(INPUT RECORDS)

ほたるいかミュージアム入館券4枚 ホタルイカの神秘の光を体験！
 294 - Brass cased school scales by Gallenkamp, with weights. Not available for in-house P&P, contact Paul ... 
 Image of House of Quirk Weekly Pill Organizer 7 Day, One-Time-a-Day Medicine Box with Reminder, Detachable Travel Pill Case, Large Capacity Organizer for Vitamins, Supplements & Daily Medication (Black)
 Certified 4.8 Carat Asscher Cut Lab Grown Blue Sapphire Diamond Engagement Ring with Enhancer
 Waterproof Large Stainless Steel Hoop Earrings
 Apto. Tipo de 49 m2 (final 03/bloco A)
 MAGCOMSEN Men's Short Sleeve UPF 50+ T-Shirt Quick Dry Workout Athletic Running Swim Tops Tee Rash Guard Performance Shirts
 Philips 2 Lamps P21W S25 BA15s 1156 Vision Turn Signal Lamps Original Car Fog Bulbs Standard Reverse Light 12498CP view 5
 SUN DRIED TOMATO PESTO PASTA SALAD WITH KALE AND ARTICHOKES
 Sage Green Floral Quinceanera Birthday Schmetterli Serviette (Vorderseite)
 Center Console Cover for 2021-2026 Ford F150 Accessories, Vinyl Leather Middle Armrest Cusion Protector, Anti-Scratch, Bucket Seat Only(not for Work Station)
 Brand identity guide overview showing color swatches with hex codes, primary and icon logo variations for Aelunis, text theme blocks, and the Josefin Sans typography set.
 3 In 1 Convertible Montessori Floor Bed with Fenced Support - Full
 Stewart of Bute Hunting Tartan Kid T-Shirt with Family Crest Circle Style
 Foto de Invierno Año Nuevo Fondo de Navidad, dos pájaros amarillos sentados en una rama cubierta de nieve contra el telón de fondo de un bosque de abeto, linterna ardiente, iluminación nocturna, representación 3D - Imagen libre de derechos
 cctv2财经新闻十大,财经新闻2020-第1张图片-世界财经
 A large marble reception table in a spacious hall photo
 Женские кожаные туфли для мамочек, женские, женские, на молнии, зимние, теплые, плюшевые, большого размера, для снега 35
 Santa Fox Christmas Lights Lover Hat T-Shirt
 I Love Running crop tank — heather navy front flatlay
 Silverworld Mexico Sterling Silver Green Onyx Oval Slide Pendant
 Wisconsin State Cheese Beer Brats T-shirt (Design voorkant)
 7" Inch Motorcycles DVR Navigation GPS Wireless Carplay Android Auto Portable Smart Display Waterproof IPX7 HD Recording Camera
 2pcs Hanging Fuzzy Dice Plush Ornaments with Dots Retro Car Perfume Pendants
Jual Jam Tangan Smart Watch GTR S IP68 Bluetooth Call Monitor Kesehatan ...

(End INPUT RECORDS)

## AIM OF THE EXERCISE
Restate the listing word for word.

## SOLUTION TO THE EXERCISE
ほたるいかミュージアム入館券4枚 ホタルイカの神秘の光を体験！
 294 - Brass cased school scales by Gallenkamp, with weights. Not available for in-house P&P, contact Paul ... 
 Image of House of Quirk Weekly Pill Organizer 7 Day, One-Time-a-Day Medicine Box with Reminder, Detachable Travel Pill Case, Large Capacity Organizer for Vitamins, Supplements & Daily Medication (Black)
 Certified 4.8 Carat Asscher Cut Lab Grown Blue Sapphire Diamond Engagement Ring with Enhancer
 Waterproof Large Stainless Steel Hoop Earrings
 Apto. Tipo de 49 m2 (final 03/bloco A)
 MAGCOMSEN Men's Short Sleeve UPF 50+ T-Shirt Quick Dry Workout Athletic Running Swim Tops Tee Rash Guard Performance Shirts
 Philips 2 Lamps P21W S25 BA15s 1156 Vision Turn Signal Lamps Original Car Fog Bulbs Standard Reverse Light 12498CP view 5
 SUN DRIED TOMATO PESTO PASTA SALAD WITH KALE AND ARTICHOKES
 Sage Green Floral Quinceanera Birthday Schmetterli Serviette (Vorderseite)
 Center Console Cover for 2021-2026 Ford F150 Accessories, Vinyl Leather Middle Armrest Cusion Protector, Anti-Scratch, Bucket Seat Only(not for Work Station)
 Brand identity guide overview showing color swatches with hex codes, primary and icon logo variations for Aelunis, text theme blocks, and the Josefin Sans typography set.
 3 In 1 Convertible Montessori Floor Bed with Fenced Support - Full
 Stewart of Bute Hunting Tartan Kid T-Shirt with Family Crest Circle Style
 Foto de Invierno Año Nuevo Fondo de Navidad, dos pájaros amarillos sentados en una rama cubierta de nieve contra el telón de fondo de un bosque de abeto, linterna ardiente, iluminación nocturna, representación 3D - Imagen libre de derechos
 cctv2财经新闻十大,财经新闻2020-第1张图片-世界财经
 A large marble reception table in a spacious hall photo
 Женские кожаные туфли для мамочек, женские, женские, на молнии, зимние, теплые, плюшевые, большого размера, для снега 35
 Santa Fox Christmas Lights Lover Hat T-Shirt
 I Love Running crop tank — heather navy front flatlay
 Silverworld Mexico Sterling Silver Green Onyx Oval Slide Pendant
 Wisconsin State Cheese Beer Brats T-shirt (Design voorkant)
 7" Inch Motorcycles DVR Navigation GPS Wireless Carplay Android Auto Portable Smart Display Waterproof IPX7 HD Recording Camera
 2pcs Hanging Fuzzy Dice Plush Ornaments with Dots Retro Car Perfume Pendants
Jual Jam Tangan Smart Watch GTR S IP68 Bluetooth Call Monitor Kesehatan ...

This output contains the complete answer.